TRY IT =>
Output the full listing below exactly as it reads, and skip anything that is a picture.

(EXTRACTED DATA)

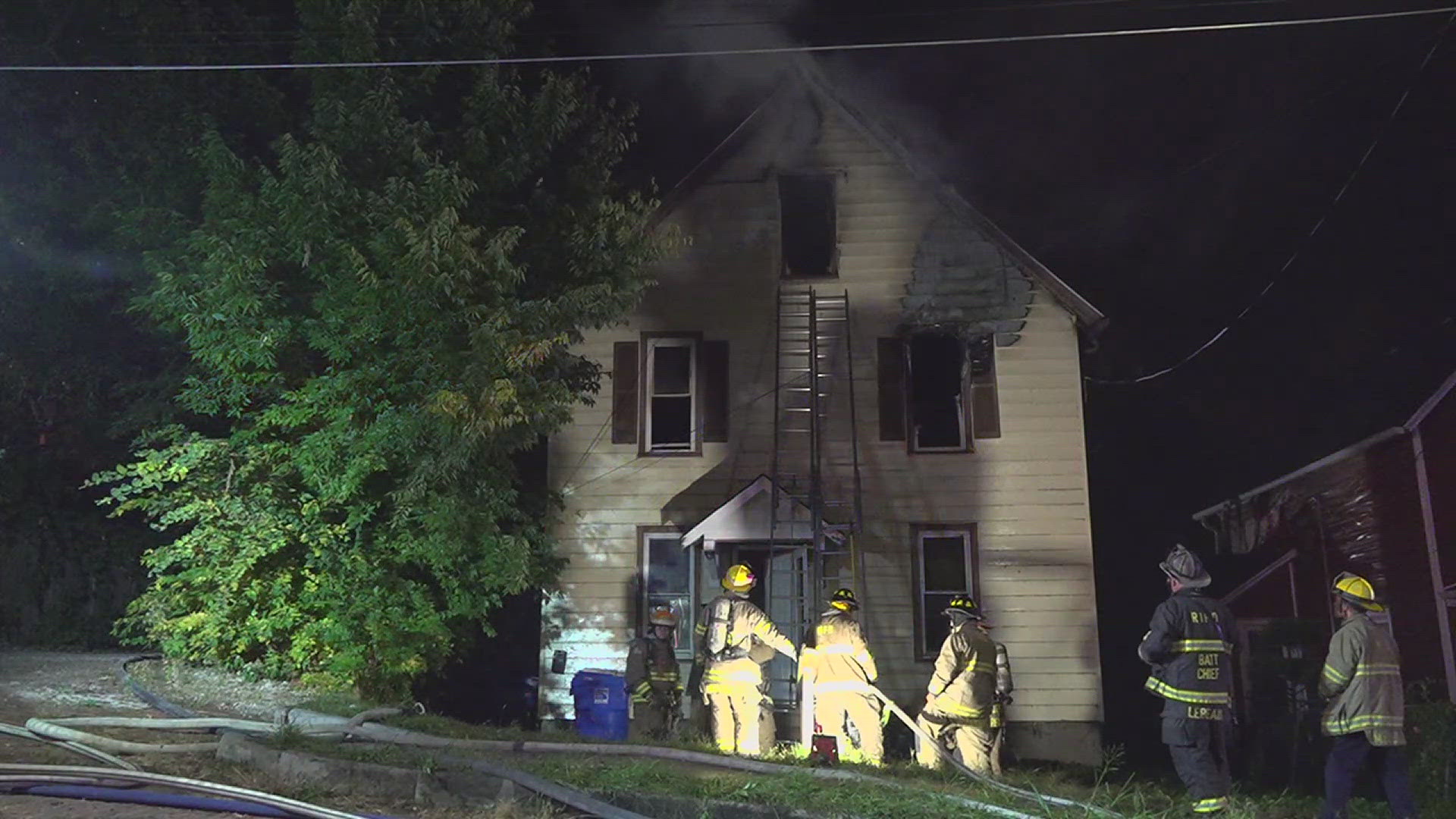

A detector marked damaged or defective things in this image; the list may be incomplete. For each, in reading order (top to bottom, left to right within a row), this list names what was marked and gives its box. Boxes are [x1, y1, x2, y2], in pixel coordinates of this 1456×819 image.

smoke-damaged window [777, 173, 837, 279]
broken window [777, 173, 837, 279]
broken window [646, 340, 698, 455]
broken window [910, 332, 965, 452]
smoke-damaged window [910, 332, 965, 452]
broken window [916, 531, 983, 658]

(End EXTRACTED DATA)

EXERCISE ANSWER =>
A detector marked damaged or defective things in this image; the list may be incomplete. For each, in reading order (top to bottom, left to right within a row), this list names what was marked and gives its box. Boxes are [x1, y1, x2, y2], in pixel coordinates of this 1456×819 image.

smoke-damaged window [777, 173, 837, 279]
broken window [777, 173, 837, 279]
broken window [646, 340, 698, 455]
broken window [910, 332, 965, 452]
smoke-damaged window [910, 332, 965, 452]
broken window [916, 531, 983, 658]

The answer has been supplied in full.